Standards and certification are still valuable. They help narrow the field and reduce obvious gaps, but they do not replace validation against your own architecture, threat model, and operational controls. In practice, many security teams discover certification blind spots only after an integration, rotation, or incident response workflow has already failed.
How It Works in Practice
Start by mapping the certification claim to the exact control domain it covers. Some programs assess access-control design, others focus on cryptographic implementation, logging, or organizational process. A vendor can be certified and still be a poor fit if the certificate does not cover the functions that matter most in your environment, such as privileged session governance, workload identity integration, or secrets lifecycle enforcement.

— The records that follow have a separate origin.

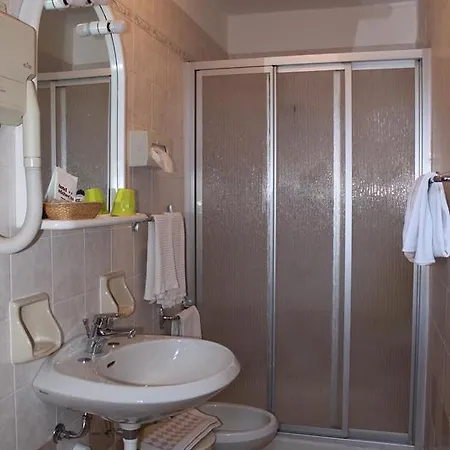 فندق Edelweiss 2*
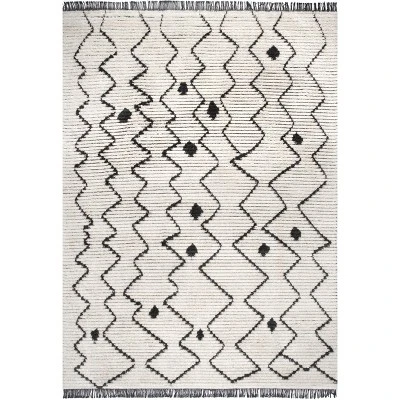 NuLOOM Mari Moroccan Soft Shag Fringe Area Rug 12 NuLOOM Mari Moroccan Soft Shag Fringe Area Rug - Image 10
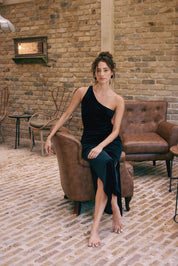 Black Velvet Maxi Dress – Elegant Evening Dress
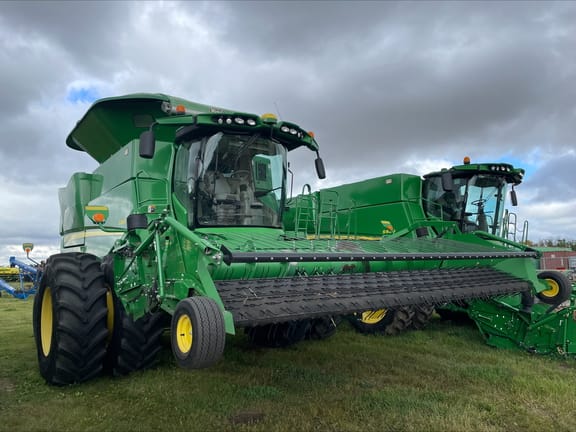 2017 John Deere S680
                                price reduced
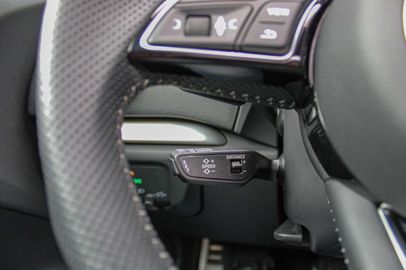 Car image 36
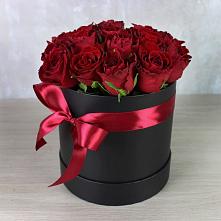 Цветочная композиция из Розы в шляпной коробке в Таежный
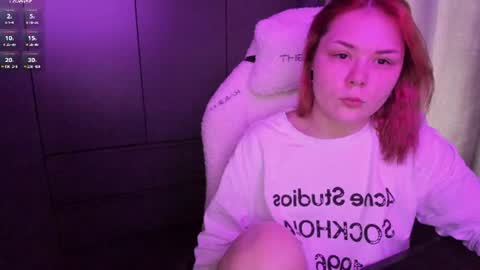 Snapshot of alli_zi chatting on 06.16.26 Blair online show from 06.16.26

Next, compare the certified baseline with the deployment model you intend to use. This includes whether the product is SaaS, self-hosted, hybrid, or embedded inside another platform. Ask whether the certification tested multi-tenant isolation, API-based administration, emergency access paths, backup and recovery, and integration with your IdP, SIEM, PAM, and ticketing stack. For NHI-heavy environments, vendor claims should also be checked against the practical guidance in the Ultimate Guide to NHIs and the OWASP Non-Human Identity Top 10.

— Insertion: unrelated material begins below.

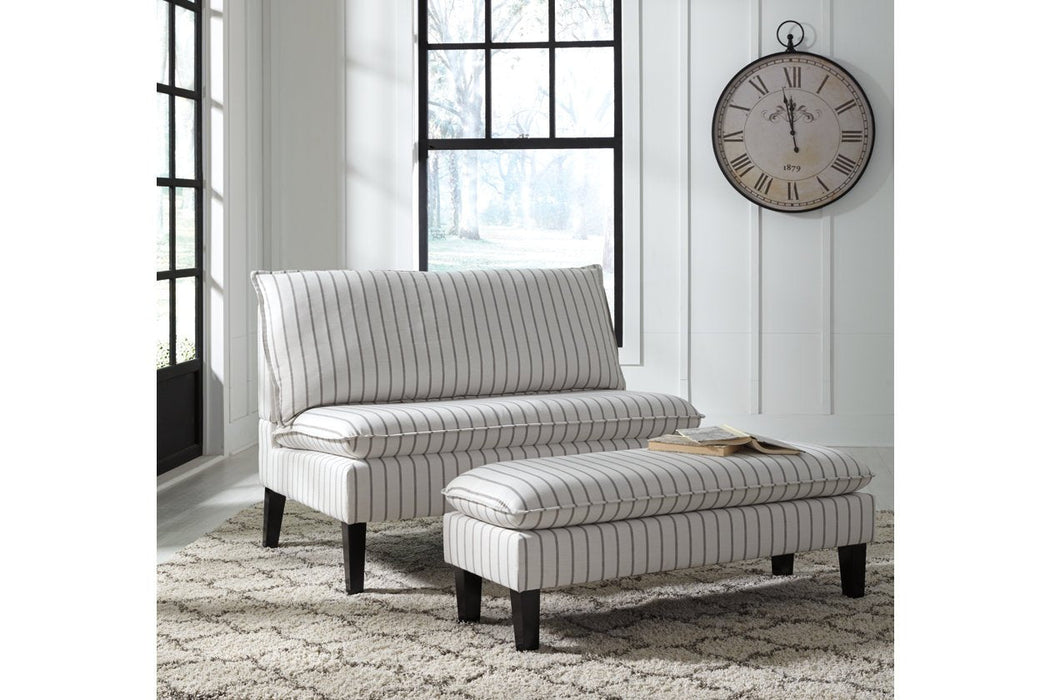 Arrowrock White/Gray Accent Bench - Lara Furniture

- Verify the certificate scope, version, and expiry date.
- Check whether the certified build matches the product version being sold.
- Review excluded modules, optional plugins, and partner integrations.
- Confirm whether your intended control objectives were actually tested.
- Validate lifecycle functions such as onboarding, rotation, revocation, and audit logging.
Use certification as evidence in a broader assurance case, not as a substitute for it. NIST’s Zero Trust Architecture guidance is useful here because it reinforces verification at decision time rather than trust based on brand or status. Certification should inform procurement, but operational validation should decide production approval. These checks tend to break down in highly customized or heavily federated environments because the certified reference architecture rarely matches the real integration chain.
Common Variations and Edge Cases
Tighter certification screening often increases procurement time and review overhead, requiring organisations to balance faster buying cycles against stronger assurance. That tradeoff becomes sharper when the vendor is already embedded in critical access paths or when switching costs are high.
Best practice is evolving on how much weight to give third-party certification versus independent testing. For commodity controls, certification may be a reasonable filter. For access-control platforms that mediate secrets, tokens, and non-human identities, current guidance suggests placing more weight on scope fidelity, evidence quality, and operational tests than on the certificate label itself.
Edge cases matter. A product may be certified for one cloud environment but deployed across multiple clouds, or certified for human access management but used to govern service accounts and automated agents. That mismatch is where problems appear. The 52 NHI Breaches Analysis underscores how quickly identity gaps become incident paths when machine access is left under-governed, even if the surrounding platform has strong branding or compliance claims.
Security teams should also be cautious when a vendor uses certification language to imply coverage of adjacent capabilities such as secure-by-default configuration, incident response readiness, or policy governance. Those are separate evaluation areas. In high-change environments, certification should be treated as a baseline assurance layer, while proof-of-control comes from architecture review, hands-on testing, and lifecycle evidence.
Standards & Framework Alignment
This section maps relevant standards and security frameworks to the operational risks and controls described in this guidance.
OWASP Non-Human Identity Top 10 address the attack and risk surface, while NIST CSF 2.0 and NIST AI RMF set the governance and control requirements practitioners need to meet.
| Framework | Control / Reference | Relevance |
|---|---|---|
| OWASP Non-Human Identity Top 10 | NHI-01 | Certification claims often miss NHI scope and lifecycle gaps. |
| NIST CSF 2.0 | GV.RM-01 | Vendor certification is one input to risk-informed procurement decisions. |
| NIST AI RMF | GOVERN | Assurance claims must be tied to governance, scope, and accountability. |
Document how certification maps to governance objectives, exclusions, and operational controls.